| Pacote vai desonerar tecnologia Nova política industrial a ser anunciada hoje reduz à metade a
contribuição ao INSS de exportadoras de tecnologia da informação
Brasília - O governo deve anunciar hoje uma
significativa desoneração das exportações do setor tecnologia da informação
(softwares e serviços relacionados). O governo vai reduzir à metade a contribuição
patronal ao Instituto Nacional do Seguro Social (INSS) das empresas exportadoras do setor.
Dessa forma, a contribuição cairá dos atuais 20% da folha de pagamentos para 10%.
Essa desoneração incidirá só sobre a parte das empresas
que está envolvida no processo exportador. Ou seja, se dentro de uma companhia, a folha
de pagamentos dos funcionários que trabalham com exportação é de R$ 100 mil, a
contribuição patronal cai de R$ 20 mil para R$ 10 mil. Mas o restante da folha de
pagamentos da empresa - a parcela voltada ao mercado interno - ainda recolherá 20% ao
INSS.
O governo ainda estudava a possibilidade de eliminar as
contribuições de empresas exportadoras de software ao Sistema S (Sesi e Senai), ao
Sebrae e ao Instituto Nacional de Colonização e Reforma Agrária (Incra), o que
representaria uma redução adicional de 3,1 pontos porcentuais na carga tributária sobre
a folha de pagamentos do setor. Confirmada a redução dessas contribuições acessórias,
a desoneração total da folha de pagamentos do setor seria de 13,1 pontos porcentuais.
De acordo com os cálculos dos envolvidos na discussão, o
conjunto de desonerações poderia levar a um ganho de competitividade (redução de
preços) da ordem de 10%.
Resistências
Um dos focos de resistência à redução da contribuição patronal ao INSS era seu
impacto fiscal. Os ministérios da Previdência e da Fazenda temiam perdas de recursos que
aumentassem o desequilíbrio no sistema de aposentadorias. Mas, segundo uma fonte, como a
desoneração é focada nas exportações do setor, hoje reduzidas, o impacto fiscal é
pequeno.
Por outro lado, se a estratégia for bem sucedida, o Brasil
pode ter ganhos importantes de receitas em dólares que ajudariam a conter a escalada do
déficit na conta corrente do Balanço de Pagamentos, hoje a grande preocupação da
equipe econômica.
Emprego
O setor de softwares é um dos mais intensivos em mão-de-obra, com os custos trabalhistas
representando cerca de 75% de todas despesas do setor. As medidas do governo visam colocar
o Brasil em outro patamar no disputado mercado global de tecnologia da informação,
estimado em US$ 1,3 trilhão. Desse total, entre US$ 35 e 40 bilhões são de
terceirização para exportação, no qual a Índia, com sua mão-de-obra barata e falante
de inglês e incentivos fiscais é líder, exportando entre US$ 25 e US$ 30 bilhões.

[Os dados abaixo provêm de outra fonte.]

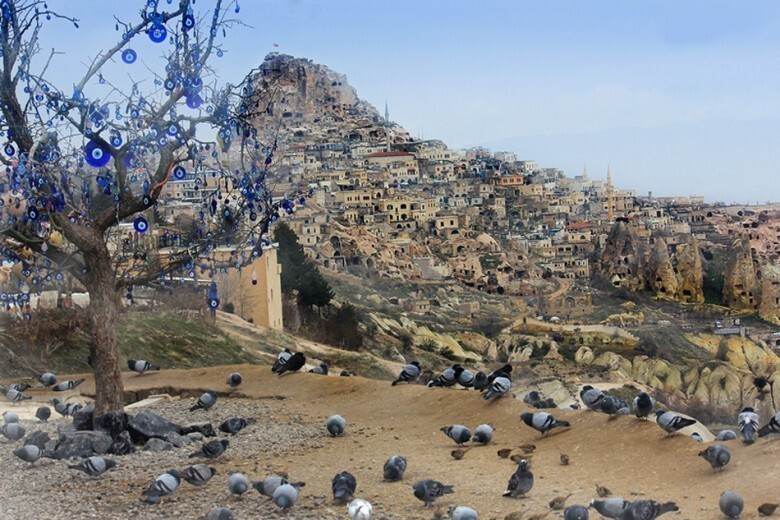 Cappadocia fairy chimneys: "Uçhisar Castle and Pigeon Valley in Cappadocia, Turkey, with pigeons on the ground and a tree decorated with blue evil eye charms overlooking the cave houses"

Países da América do Sul, como Argentina, também
incentivam o setor, configurando uma guerra fiscal em escala internacional, que tem gerado
inquietação no empresariado e no governo, já que diz respeito ao direcionamento de
investimentos que poderiam ser feitos no Brasil. Apesar de ter uma força de trabalho
considerada de alta qualidade, pela combinação de qualidade com disciplina, os encargos
trabalhistas prejudicam o desenvolvimento do setor no Brasil, sobretudo para competir no
mercado de terceirização para exportações.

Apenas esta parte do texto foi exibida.